They didn’t sound much like Nirvana, except for a mutual affection for dirty guitar, punk rock and big hard rock riffs, and never played to image or expectations. Bored! never attracted national radio support – Dave Thomas had to manage and then join Magic Dirt to achieved that – but they wiped the floor with most of their competition, thanks to formidable songs, bristling stage presence and a driving intensity.
At the time of “Dog”, Bored! was a few years into the game. The original line-up had split after a European tour, with the departees forming the stellar Powder Monkeys. Thomas, drummer Buzz Munday and bassist Russell Baricevic were still gigging a lot nationally. They remained kings of their own hometown, Geelong, and staples in the bigger smoke of nearby Melbourne. “Feed the Dog” was a new start. By the time it appeared, only one song remained in their set from their previous recordings.
The re-issue is on vinyl (multiple colour variants, of course), CD and even cassette. You get the original tracks, re-mastered by Mikey Young, with a bonus Wipers cover (“Over The Edge”) that was a seven-inch a B-side, and the Baricevic song “Tricky Babee”.
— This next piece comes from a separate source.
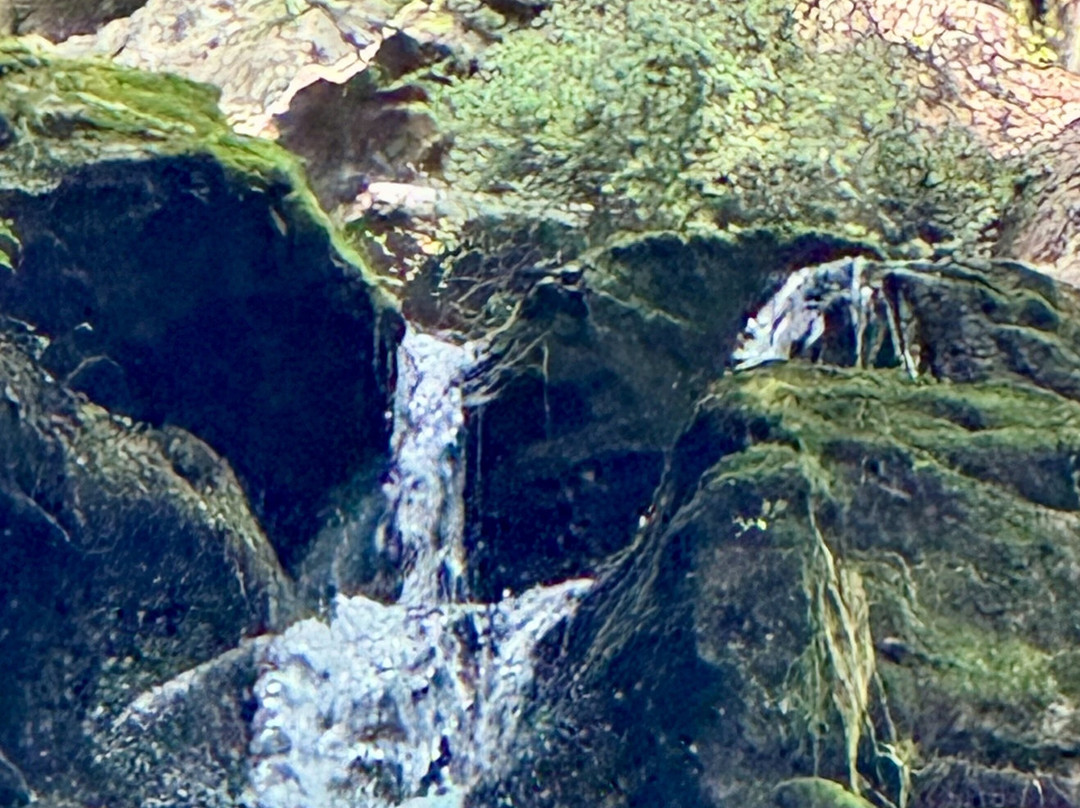 Jim Thorpe River Adventures-Lehighton必去景点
Glenno Smith’s new artwork is striking and the vinyl contains the usual inserts and extras. Label chief Scotti is a veteran of Melbourne’s once booming record retail scene and had a long association with Dave Thomas, so it’s a project rendered with a lot of love.
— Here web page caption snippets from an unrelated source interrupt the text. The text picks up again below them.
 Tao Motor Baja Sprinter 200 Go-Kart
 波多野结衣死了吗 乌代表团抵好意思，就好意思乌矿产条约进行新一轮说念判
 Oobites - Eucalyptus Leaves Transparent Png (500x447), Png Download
The title track is as blistering a slice of riffage as you’ll hear – right up there in the Bored! pantheon with the monstrous “Conquest” from “Negative Waves”. “Motormouth” doesn’t put on any airs and graces – it’s heavy duty punk-garage with a simple guitar figure at its heart.
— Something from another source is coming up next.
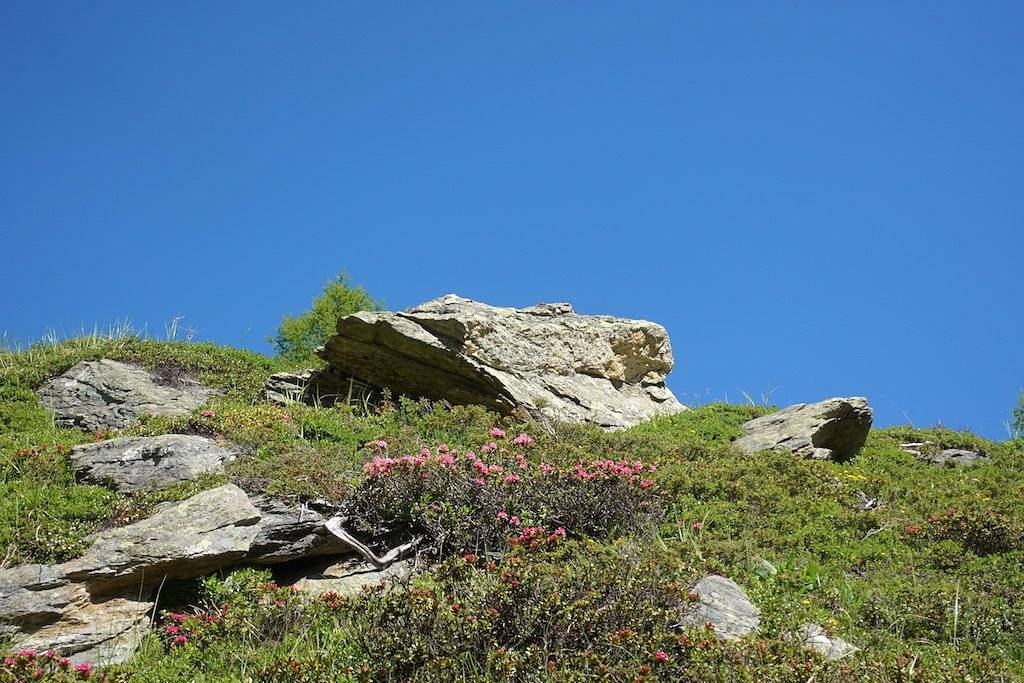 Fafleralp - Anenhütte (23.06.2018)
“People Say” winds back the tempo but maintains the intensity with generous lashings of guitar held together by Thomas’ drawl. His vocal is typically buried in the snarling mix – almost to the point of disappearing on “Friday’s Child” – a la “City Slang”. Odds are that Thomas would have been embarrassed by any comparison with Sonic’s Rendezvous Band but the parallel is there.
He might be down a player but Thomas doesn’t abandon the two-guitar approach. In most cases, he overdubs an extra line or some licks. “Diamonds” is a case in point where the song wraps itself around a jagged, repeated guitar phrase.
To the bonus cuts: Buzz Monday’s “Tricky Babee” is in the same vein as the rest of the record, if the mix is a touch underdone. The Wipers is true to the original but Thomas adds his own touch to the riffage.